MicroRNA-21 inhibits ovarian granulosa cell proliferation by targeting SNHG7 in premature ovarian failure with polycystic ovary syndrome.

机构信息

Department of Clinical Laboratory Sciences, College of Applied medical Sciences, King Saud University, Riyadh, Saudi Arabia.

Department of Basic Medical Sciences, College of Medicine, Prince Sattam Bin Abdulaziz University, Riyadh, Saudi Arabia.

出版信息

J Reprod Immunol. 2021 Aug;146:103328. doi: 10.1016/j.jri.2021.103328. Epub 2021 May 5.

DOI:10.1016/j.jri.2021.103328
PMID:34020163
Abstract

microRNA (miRs or miRNAs) is a type of non-coding RNA which plays the role of a regulator in gene expression. A number of miRNAs has been found by the researchers for its critical role in the pathogenesis of polycystic ovary syndrome (PCOS). But there is a no clear information available about the biological role played by miR-21 in PCOS prognosis. So, the aim of the current study is to determine the role played by miR-21 in the progression of PCOS. In order to achieve this aim, the researcher examined miR-21 expression levels in ovarian tissue samples collected from PCOS patients as well as their KGN cells (human granulosa-like tumor cell line). The study results inferred downregulation in the expression levels of miR-21 in ovarian tissues of PCOS patients and KGN cells, when compared with unaffected ovarian tissues and IOSE80 (human ovarian surface epithelial cell line).
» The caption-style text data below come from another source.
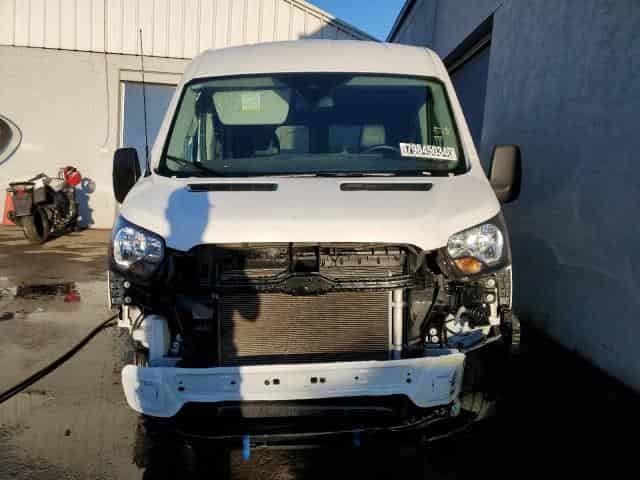 2024 Ford Transit, T-250 Background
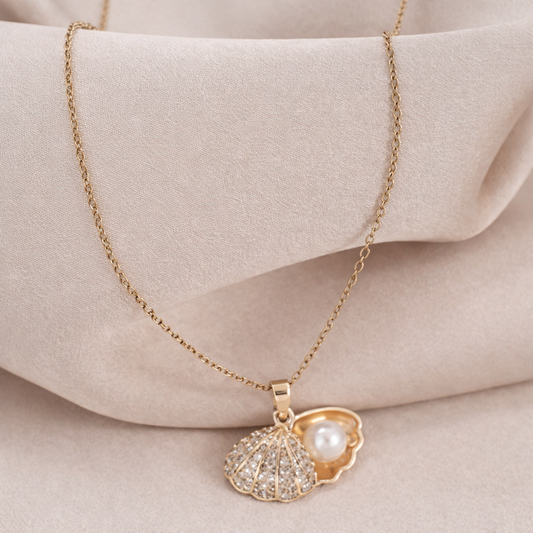 LumiShell Pearl Radiance Pendant Necklace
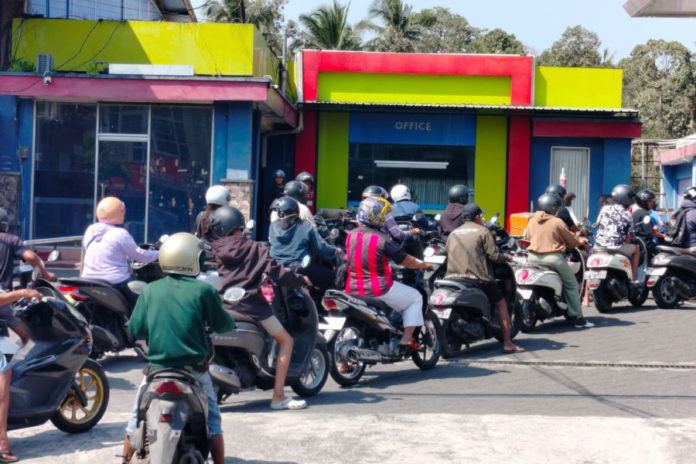 Pertalite Kosong Di Sejumlah SPBU, Antrean Kendaraan Mengular Hingga Bahu Jalan 1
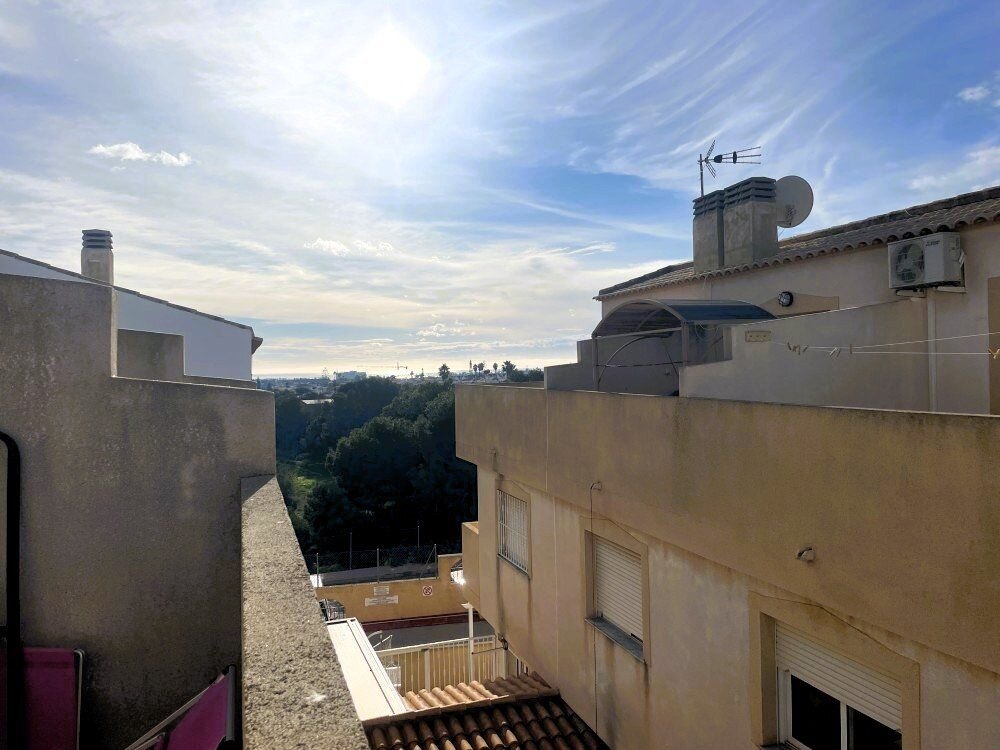 3-Bedroom House in Los Altos, Orihuela Costa - Image 11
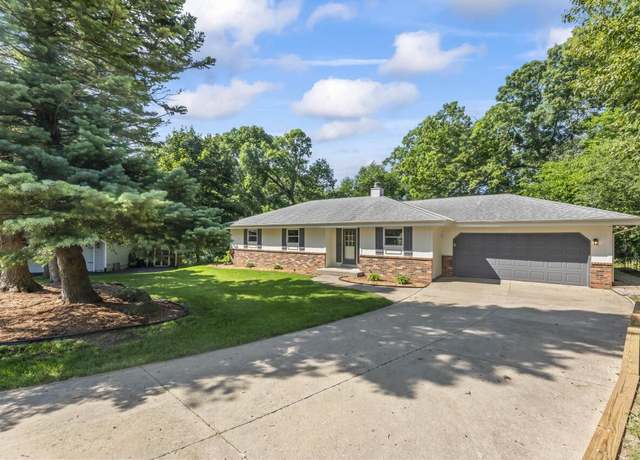 Property at 731 Mansfield Cir, Hartland, WI 53029, 3 beds, 2 baths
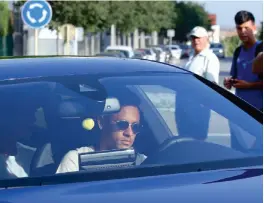  ??  ?? Neymar arrives at Barcelona’s training ground on Wednesday.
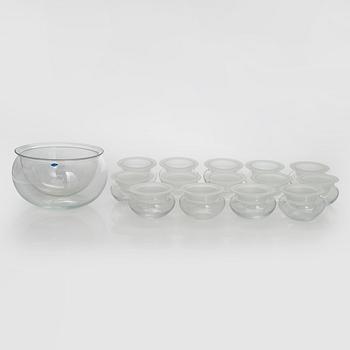 Signe Persson-Melin, skålar 14 st "Boda Frost", för Boda sent 1900-tal samt skålar 2 st.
With the overexpression of miR-21, the proliferation of KGN cells was prevented and apoptosis was induced among these cells. The authors used StarBase analysis for predicting the direct binding target of miR-21. As per the assay results attained from luciferase reporter assay and western blot analysis, it was found that SNHG7 acted as a target gene for miR-21 while the latter downregulated the former. To conclude, the current study revealed the contribution of miR-21/SNHG7 axis in the regulation of Granulosa Cell (GC) proliferation and apoptosis. It further suggested a new molecular mechanism for GC dysregulation while the finding presents a new promising target for PCOS treatment procedure.

摘要

微小 RNA(miRs 或 miRNAs)是一种非编码 RNA,在基因表达中起调节作用。研究人员发现了许多 miRNA,因其在多囊卵巢综合征(PCOS)发病机制中的关键作用而备受关注。但是,miR-21 在 PCOS 预后中的生物学作用尚不清楚。因此,本研究旨在确定 miR-21 在 PCOS 进展中的作用。为了实现这一目标,研究人员检查了来自 PCOS 患者和他们的 KGN 细胞(人颗粒细胞样肿瘤细胞系)的卵巢组织样本中的 miR-21 表达水平。研究结果推断,与未受影响的卵巢组织和 IOSE80(人卵巢表面上皮细胞系)相比,PCOS 患者和 KGN 细胞中的 miR-21 表达水平下调。通过过表达 miR-21,阻止了 KGN 细胞的增殖并诱导这些细胞凋亡。作者使用 StarBase 分析来预测 miR-21 的直接结合靶标。根据荧光素酶报告基因检测和 Western blot 分析获得的检测结果,发现 SNHG7 是 miR-21 的靶基因,而后者下调了前者。总之,本研究揭示了 miR-21/SNHG7 轴在调节颗粒细胞(GC)增殖和凋亡中的作用。它进一步提出了 GC 失调的新分子机制,而这一发现为 PCOS 治疗提供了新的有希望的靶点。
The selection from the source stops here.